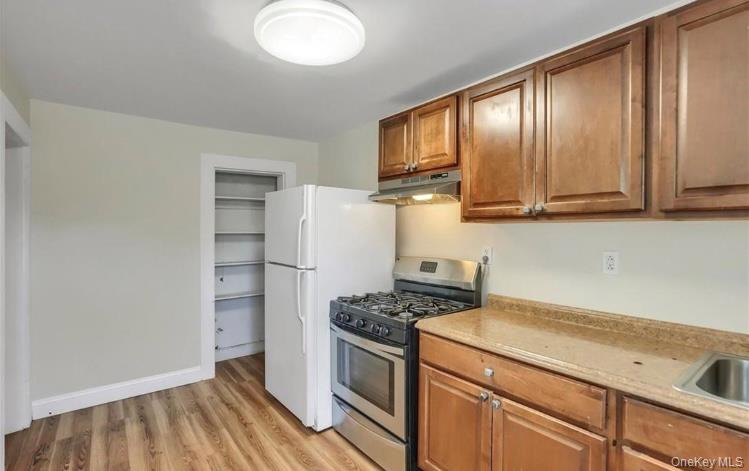 30 Spring Street Property Photo 11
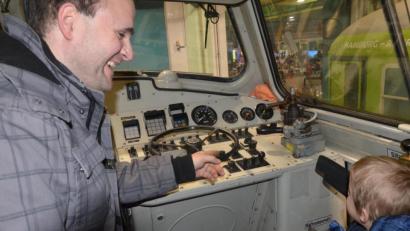 Bild: Kunz
Viele Kinder träumen davon, später, einmal, wie hier auf der V 270, Lokführer zu werden.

■ ■ ■ ■

Your objective:
With images left out, the data must be transcribed exactly.

Solution to this task:
 30 Spring Street Property Photo 11
 Bild: Kunz
Viele Kinder träumen davon, später, einmal, wie hier auf der V 270, Lokführer zu werden.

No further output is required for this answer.